An Post have competition though

Yeah, it's strange alright to have the ESB doing ads, don't quite understand it myself


----------



## rmelly (30 Sep 2008)

micmclo said:


> An Post have competition though
> 
> Yeah, it's strange alright to have the ESB doing ads, don't quite understand it myself


 
They don't really, not for standard mail for the general public.


----------



## z103 (30 Sep 2008)

It's for all those people with gas lamps and their own generators.


----------



## Purple (30 Sep 2008)

Havealaugh said:


> I saw an ad on RTE last night, I think during questions and answers, for the ESB, now, can anyone please advise me why a semi-state company such as the Electricity Supply Board has an advertising budget when they are practically a Monopoly? Who are they trying to sell to exactly? Could the money not be used elsewhere ? say, to take down the cost of electricity for it's customers perhaps, or be used in creating an efficient customer services department which is deplorable?
> 
> More waste of taxpayers money


Good point!


----------



## Purple (30 Sep 2008)

ajapale said:


> Ive never heard anyone complain about the ESB's customer services department. Perhaps you could give a few examples of poor customer service from the ESB? Are they as bad as BT, Chorus/NTL for example.

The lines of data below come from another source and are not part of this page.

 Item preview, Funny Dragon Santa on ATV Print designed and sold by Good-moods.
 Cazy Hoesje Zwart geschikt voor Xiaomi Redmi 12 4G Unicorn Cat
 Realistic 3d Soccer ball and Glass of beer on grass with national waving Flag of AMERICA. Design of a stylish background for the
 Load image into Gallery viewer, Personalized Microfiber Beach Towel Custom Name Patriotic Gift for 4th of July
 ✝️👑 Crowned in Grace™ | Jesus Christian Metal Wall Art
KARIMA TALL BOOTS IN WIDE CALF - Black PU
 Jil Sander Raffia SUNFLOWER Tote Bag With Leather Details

 Average pay in the ESB is around €80'000 (plus benefits) so for that I would expect the people answering the phone to be happy.


----------



## ajapale (30 Sep 2008)

Remember this from the 1980's?


----------



## micmclo (1 Oct 2008)

ajapale said:


> Remember this from the 1980's?



Good ad.
I don't know his name but does the actor there now work for TV3?


----------



## rmelly (1 Oct 2008)

Purple said:


> Average pay in the ESB is around €80'000 (plus benefits) so for that I would expect the people answering the phone to be happy.


 
Wasn't there a power station that wasn't running but had a full complement of staff for a year or more? Can't remember the exact details, but presumably these guys were happy enough to answer the phone, as they had little or nothing else to do...


----------



## rmelly (1 Oct 2008)

ajapale said:


> Remember this from the 1980's?


 
Seeing the radiator makes me remember that we weren't as backward back then as I thought we were.


----------



## rabbit (1 Oct 2008)

rmelly said:


> No problems with the ESB, however I agree wholeheartedly with the main point, and wonder the same EVERY time I hear/see an ad for effective state monopolies. It might only be a few hundred thousand euros, but can anyone explain WHY the ads are necessary? Same for An Post?

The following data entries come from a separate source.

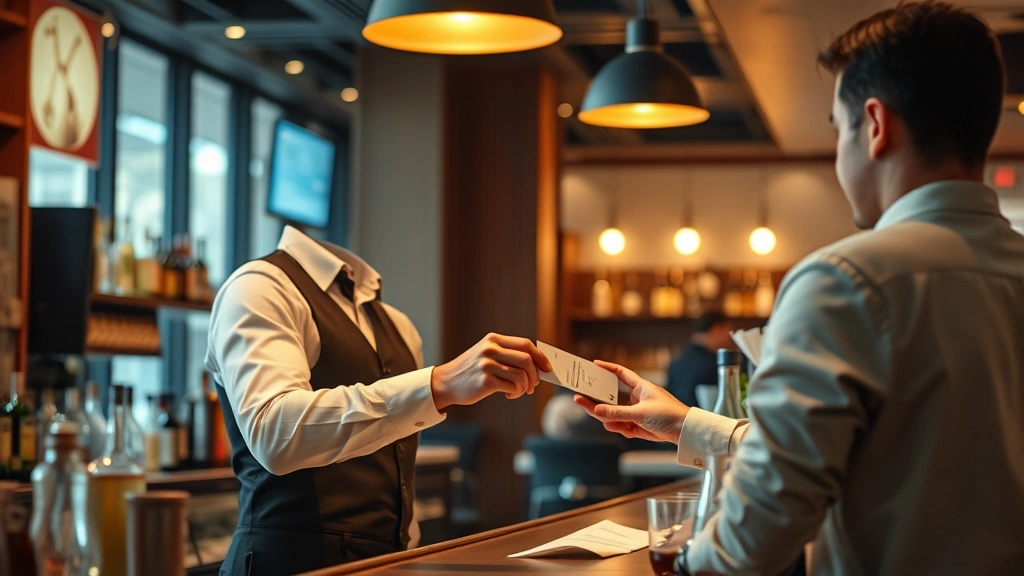 Interior of modern restaurant bar with professional bartender checking customer ID before service, professional environment, warm lighting, photorealistic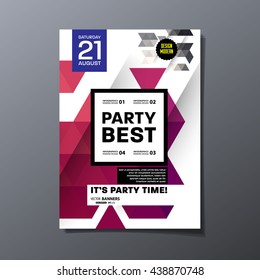 Party Flyer Template. Vector Design. Abstract Geometric Background.
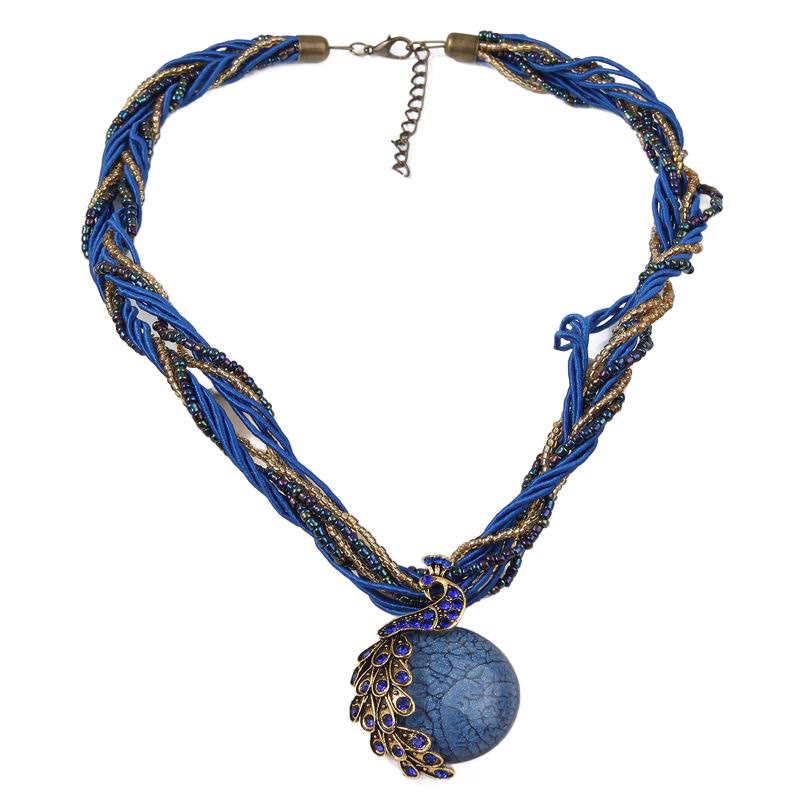 Boho-Halskette für Damen, handgewebt, mit blauen Steinen und Perlen - Marineblau - image 15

Perhaps kickbacks from the add agencies for the big knobs in the state monopolies ?


----------



## z106 (1 Oct 2008)

So - does anyone actually know why the esb advertise on tv? any theories at all? I actually can't think of one reason why they might do it.

Presumably they were operating on some logic when they decided to do it?
anyone know what that logic was?


----------



## Jock04 (1 Oct 2008)

There's competition on commercial supply, maybe they're targetting small/medium businesses, whose owners doubtless watch the box occassionally?


----------



## Flax (1 Oct 2008)

qwertyuiop said:


> So - does anyone actually know why the esb advertise on tv? any theories at all? I actually can't think of one reason why they might do it.


 
My only guess is that there is a particularly aggressive/ambitious marketing person who works for ESB, and has managed to get them to ear mark some money for an advertising budget.


----------



## PaddyW (1 Oct 2008)

micmclo said:


> Good ad.
> I don't know his name but does the actor there now work for TV3?



Yeah, Alan Hughes I think he's called.


----------



## Bamhan (1 Oct 2008)

ajapale said:


> Ive never heard anyone complain about the ESB's customer services department. Perhaps you could give a few examples of poor customer service from the ESB? Are they as bad as BT, Chorus/NTL for example.


 I have had a big problem with the ESb recently which I felt was managed very poorly.

I found them very rude and condescending and was even more annoyed that even though I am unhappy with the outcome of my complaint I will still have to avail of their monopoly service.

The CER was equally unhelpful and a waste of time.


----------



## jhegarty (1 Oct 2008)

It's good they have the adds on ... I slept through the rural electrification and didn't know it was available...

I will send them a telegram first thing tomorrow...


----------



## TarfHead (1 Oct 2008)

cos one of the 80K pa monkeys in there has an advertising budget so has to use it to justify their existence, or else implode in an existential crisis  ?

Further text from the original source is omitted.